In Nicaragua the Soviets cared far more about the Sandinistas than when Chilean President Salvador Allende, by all accounts a much more genuine Marxist, got overthrown in the 70's. The Soviets didn't really care about Allende because they weren't funding him.I think that's partially because they couldn't really do much about Chile, seeing as they didn't fund him or the organizations behind him.
And the Sandinistas were genuinely revolutionary, whether or not they were "my kind of Marxist" is beside the point in my view.
manic expression
23rd April 2009, 20:05
Some stuff on UNITA's leader, Savimbi:
http://www.guardian.co.uk/Archive/Article/0,4273,4362364,00.html
Ismail
26th April 2009, 14:26
UNITA worked with the forces of South African apartheid.
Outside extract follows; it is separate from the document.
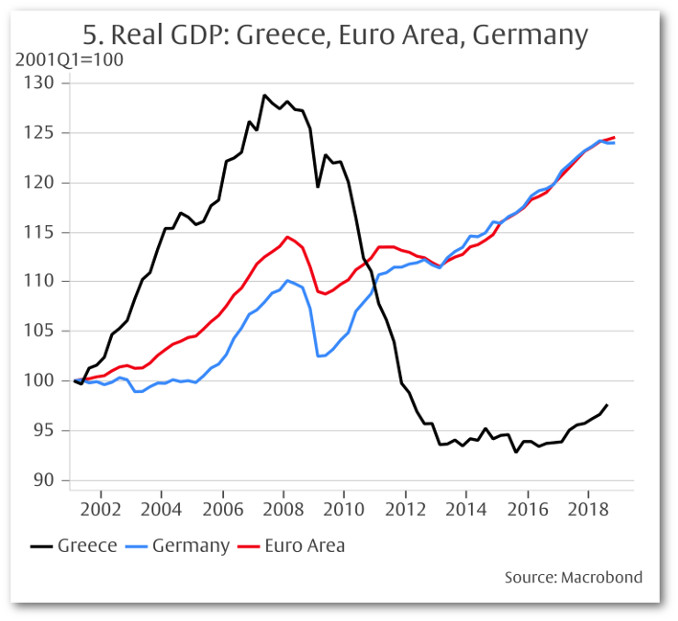 Pil reale della Grecia a confronto con quelli della Germania e dell'area euro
Savimbi was an open opponent of revolution and was eventually marginalized by his former supporters as he senselessly prolongued a civil war. They were "genuinely" the tools of imperialism. The civil war in Angola was central to apartheid's position in southern Africa, and the reversal of South African ambitions there contributed to the decline in apartheid power. Mandela's first foreign visit as president was to Havana where he reemphasized how important the anti-imperialist struggle in Angola was to the anti-apartheid movement.Savimbi was an open opponent of communist (pro-Soviet) revolution. So? It isn't like the MPLA, which is to the right of UNITA today, was ever a genuine Marxist party. Also UNITA was opportunist and only sided with South Africa because the Chinese and others were not giving him enough aid. Savimbi was anti-colonialist, just not a communist.
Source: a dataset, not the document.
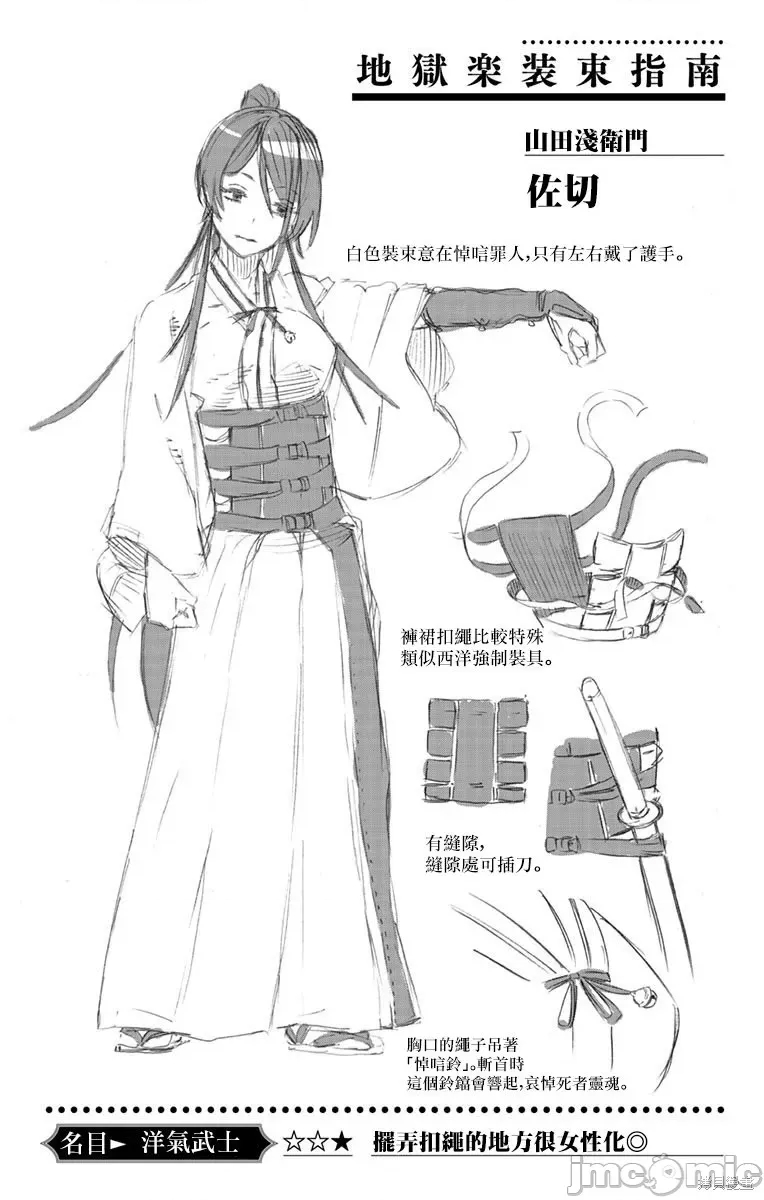 第 54 页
Daoud was thrown out of power by the PDPA in the spring of 1978; the PDPA struck because they were afraid Daoud was moving against them (communists had been arrested and the PDPA saw it as a sign of things to come). Daoud's government had just been weakened by a large demonstration in Kabul IIRC. Nevertheless, the PDPA wanted Soviet support (in the form of troops, if possible) by late 1978 IIRC because the right-wing rebellions were gaining ground. The USSR was initially hesitant, but later went in largely because of Carter's support for the Mujahideen (who were quite reactionary from all accounts)."Right-wing" rebellions? What about Shola-y-Jaweid? The Afghanistan Liberation Organization? Fact is, the Soviets overthrew a pro-Soviet opportunist anti-communist in 1978 (Daoud was pro-Soviet as Prime Minister in the 50's which is why he was booted out in 1963 by the King) and a year later the entire country was full of rebellions in every single province. The Soviets shot Amin, the leader of Afghanistan, so it's pretty clear that the Soviets had their own intentions.
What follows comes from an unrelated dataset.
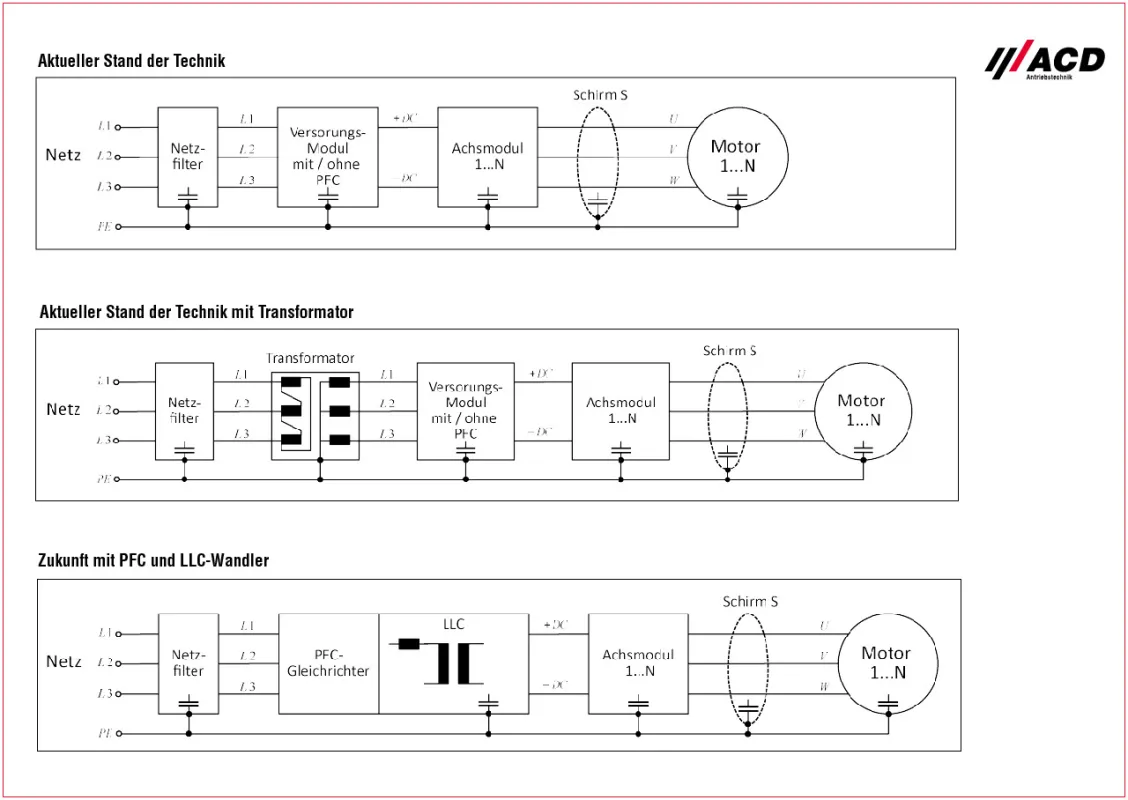 PFC und LLC-Wandler (© ACD Antriebstechnik GmbH)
And the PDPA was, after some struggles, decidedly pro-Soviet and wanted Soviet troops there. It's not like the USSR forced the Afghani government to accept the intervention, it was mostly the other way around.Which is why Amin got a bullet in the head and the Soviets brought Babrak Karmal (a Parcham) to defeat the influence of the Khalq.
And the Sandinistas were genuinely revolutionary, whether or not they were "my kind of Marxist" is beside the point in my view.Their "genuinely revolutionary" leader today is the least revolutionary of all the leftist leaders in Latin America.